Tue Aug 19 16:30:34 CDT 1997

  Some people seem to think that just about everybody is qualified to
  practise advaita. Strange as it may seem, the fact is otherwise.
  While I do agree that everybody is qualified to read, discuss, or think
  about advaita, the actual practice of advaita (Shankara's type) requires
  that one should have the four fold qualifications that Vidya and also
  Sadananda mentioned, namely viveka (discrimination), vairaagya
  (dispassion), Shamaadi-shhaTka (the six virtues beginning with restraint
  of the mind) and mumukshhutva (desire for liberation).

  Now, how are these four qualifications obtained in the first place? From
  the dictum, "Ishvara-anugrahaadeva advaita-vaasana", we can infer
  that by the grace of God alone these are obtained.  How do we obtain the
  grace of God? This is by practising what is dealt with in detail in the
  Giitaa. If you study the Giitaa, you will observe that Krishna deals with
  jnaana yoga, karma yoga, and bhakti yoga mainly. For the practice of
  karma yoga (doing your duty without desire for fruits thereof, or
  equivalently, dedicating your works to God) and bhakti yoga (devotional
  service to God), jnaana yoga is essential. Here jnaana yoga is the
  "theoretical" knowledge of advaita. That is why although Krishna tells
  Arjuna about advaita, He still insists that Arjuna practice karma yoga
  and bhakti yoga. Here teachers like Madhusuudana Sarasvatii are of the
  opinion that bhakti yoga in
  itself is sufficient to win the grace of God. Bhakti yoga will itself
  induce karma yoga automatically and will even lead to true jnaana.
  So the conclusion is that if one wants to succeed in advaita, one must
  take up bhakti yoga first. Of course, there are exceptional people who
  are born with four qualifications, and are immediately eligible for the
  practice of advaita. But even these saints sometimes
  express great devotion to their chosen deity.

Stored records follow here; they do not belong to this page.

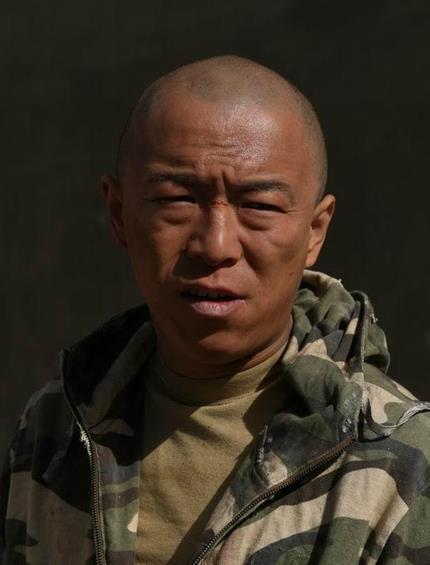 男明星剃光头后:胡歌减分,胡军很社会,李晨和黄晓明有些喜感!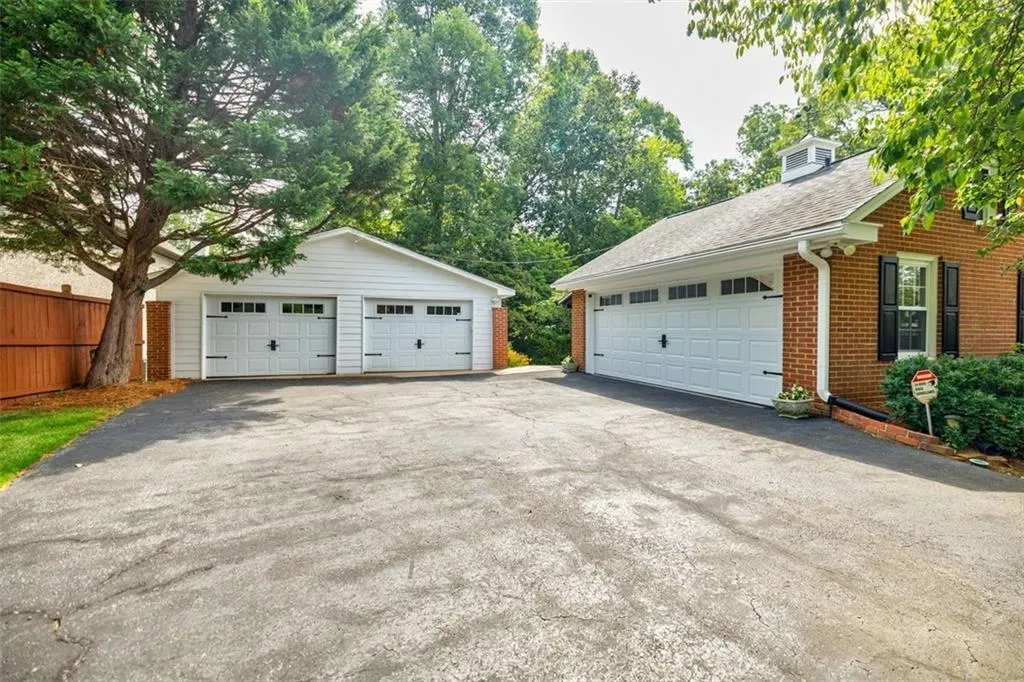 detached garage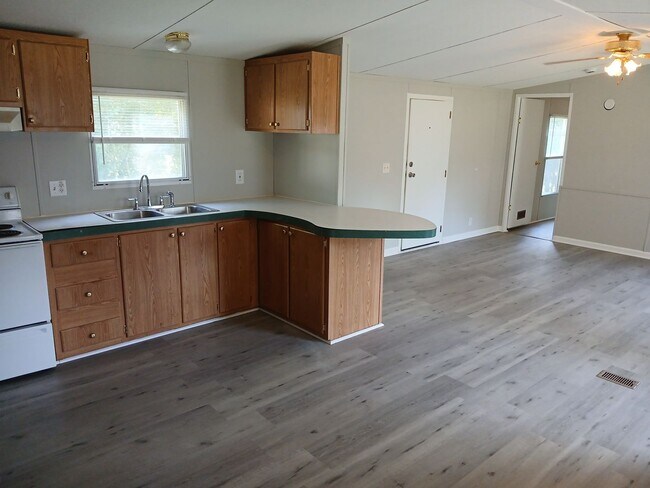 Building Photo - Trailer Park Lot Available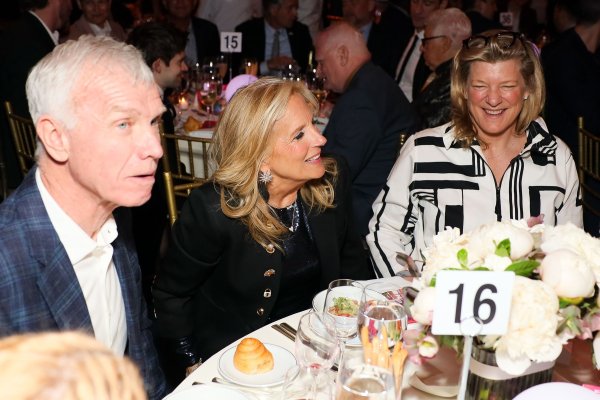 Aukcija izmakla kontroli: Bivša prva dama izgubila ulogu u seriji 'Heated Rivalry'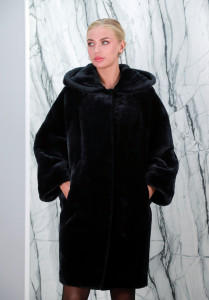 Шуба из меха овчины(стрига), капюшон. Арт.Божена РТ-2933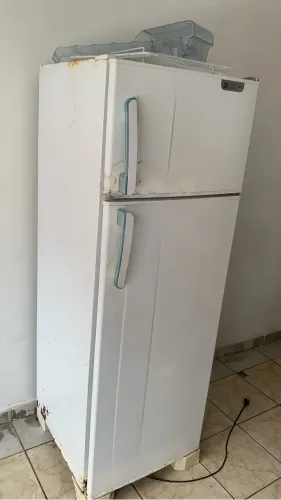 Vendo Geladeira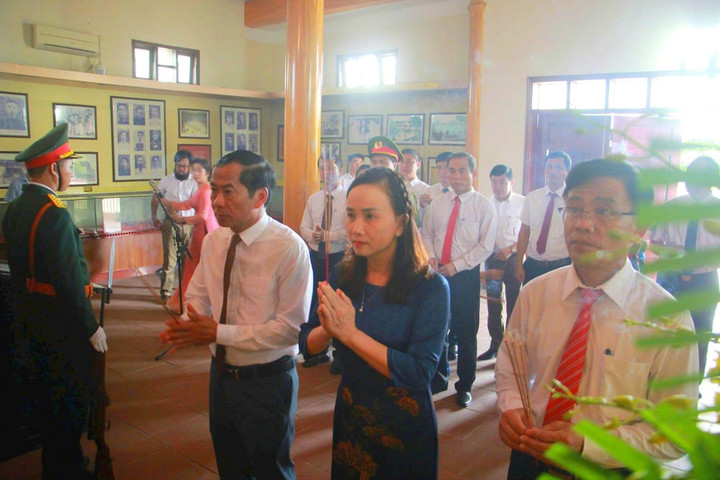 Dâng hương tưởng niệm nhân 94 năm ngày Xô viết Nghệ Tĩnh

For example, I have heard
  that Shri Abhinava Vidya Tirtha, when he was a small boy,  was much
  devoted to Ganesha.  Madhusuudana himself was a staunch devotee
  of Krishna and we all know that Ramana Maharshi was a devotee of Shiva.
  Still others may be devotees of devii.

  In order to take up study in a field, say college physics, one must
  have knowledge of physics taught at school. Most people, I presume,
  have no problem accepting this. Is it not strange that people simply
  dont understand that the case of advaita is similar?

  Arguments such as " I am already liberated" are self defeating, because
  they are in direct conflict with mumukshhutva.